Пусть развевается он величаво,
Неколебима Австрия в веках!
 
   Последним подарком был горшок с белым гиацинтом. Когда баронесса фон Боценгейм увидела все это на постели Швейка, она не могла сдержать слез умиления. У нескольких изголодавшихся симулянтов также потекли… слюнки. Компаньонка, продолжая поддерживать сидящего на койке Швейка, тоже прослезилась. Было тихо, словно в церкви. Тишину внезапно нарушил Швейк, он сложил руки, как на молитве, и заговорил:
   — «Отче наш. иже еси на небеси, да святится имя твое, да приидет царствие твое…» Пардон, мадам, наврал! Я хотел сказать: «Господи боже, отец небесный, благослови эти дары, иже щедрости ради твоей вкусим. Аминь».
   После этих слов он взял с постели курицу и набросился на нее, провожаемый испуганным взглядом доктора Грюнштейна.
   — Ах, как ему вкусно, зольдатику! — восторженно зашептала доктору Грюнштейну старая баронесса. — Он уже здоров и может поехать на поле битвы. Отшень, от-шень рада, что все это ей на пользу.
   Она обошла все постели, раздавая всем сигареты и шоколадные конфеты, затем опять подошла к Швейку, погладила его по голове со словами «Behut euch Gott»[19] и покинула палату, сопровождаемая всей свитой.
   Пока доктор Грюнштейн провожал баронессу, Швейк роздал цыплят, которые были проглочены с молниеносной быстротой. Возвратясь, доктор нашел только кучу костей, обглоданных так здорово, будто цыплята живьем попали в гнездо коршунов и их кости несколько месяцев палило солнце.
   Исчезли и военный ликер и три бутылки вина. Исчезли в желудках пациентов плитки шоколада и пачка сухарей. Кто-то даже выпил флакон лака для ногтей из маникюрного набора, другой надкусил приложенную к зубной щетке зубную пасту.
   Почувствовав, что гроза миновала, доктор Грюнштейн опять принял боевую позу и произнес длинную речь. Куча обглоданных костей утвердила его в мысли, что все пациенты неисправимые симулянты.

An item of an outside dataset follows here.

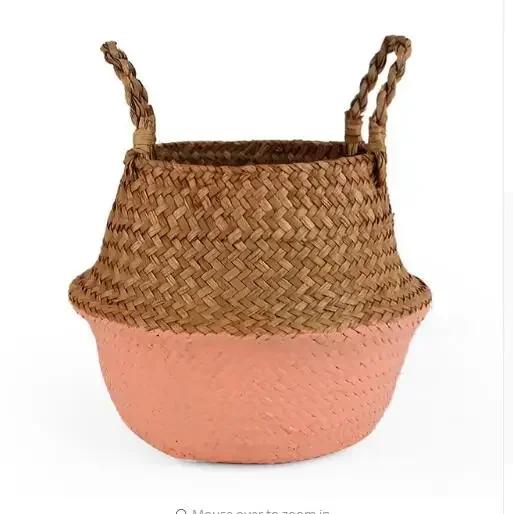 Foldable Rattan Grass Handmade Bamboo Storage Basket Laundry Grass Patchwork Wicker Rattan Seagrass Belly Garden Flower Pot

   — Солдаты, — сказал он, — если бы у вас голова была на плечах, то вы бы до всего этого не дотронулись, а подумали: «Если мы это слопаем, старший врач не поверит, будто мы тяжело больны». А теперь вы как нельзя лучше доказали, что ни в грош не ставите мою доброту. Я вам выкачиваю желудки, ставлю клистиры, стараюсь держать на полной диете, а вы так перегружаете желудок! Хотите нажить себе катар желудка, что ли? Нет, ребята, ошибаетесь! Прежде чем ваши желудки успеют, это переварить, я прочищу их так основательно, что вы будете помнить об этом до самой смерти и детям своим расскажете, как однажды вы нажрались цыплят и других вкусных вещей и как это не удержалось у вас в желудке и четверти часа, потому что вам все своевременно выкачали. Ну-ка, марш за мной! Не думайте, что я такой же осел, как вы. Я немножко поумней, чем вы все, вместе взятые. Кроме того, объявляю во всеуслышание, что завтра пошлю к вам комиссию. Слишком долго вы здесь валяетесь, и никто из вас не болен, раз вы можете в пять минут так засорить желудок, как это вам только что удалось сделать… Шагом марш!
   Когда дошла очередь до Швейка, доктор Грюнштейн посмотрел на него и, вспомнив сегодняшний загадочный визит, спросил:
   — Вы знакомы с баронессой?
   — Я ее незаконнорожденный сын, — спокойно ответил Швейк. — Младенцем она меня подкинула, а теперь опять нашла.
   Доктор Грюнштейн сказал лаконично:
   — Поставьте Швейку добавочный клистир.
   Мрачно было вечером на койках. Всего несколько часов тому назад в желудках у всех были разные хорошие, вкусные вещи, а теперь там переливался жиденький чай с коркой хлеба.
   Номер двадцать один у окна робко произнес:
   — Хотите верьте, ребята, хотите нет, а жареных цыплят я люблю больше, чем печеных.
   Кто-то проворчал:
   — Сделайте ему темную!
   Но все так ослабели после неудачного угощения, что никто не тронулся с места. Доктор Грюнштейн сдержал слово. Днем явилось несколько военных врачей из пресловутой врачебной комиссии. С важным видом обходили они ряды коек, слышны были только два слова: «Покажи язык!» Швейк высунул язык как только мог далеко; его лицо от натуги сморщилось в глупую гримасу, и он зажмурил глаза.
   — Осмелюсь доложить, господин штабной врач, дальше язык не высовывается.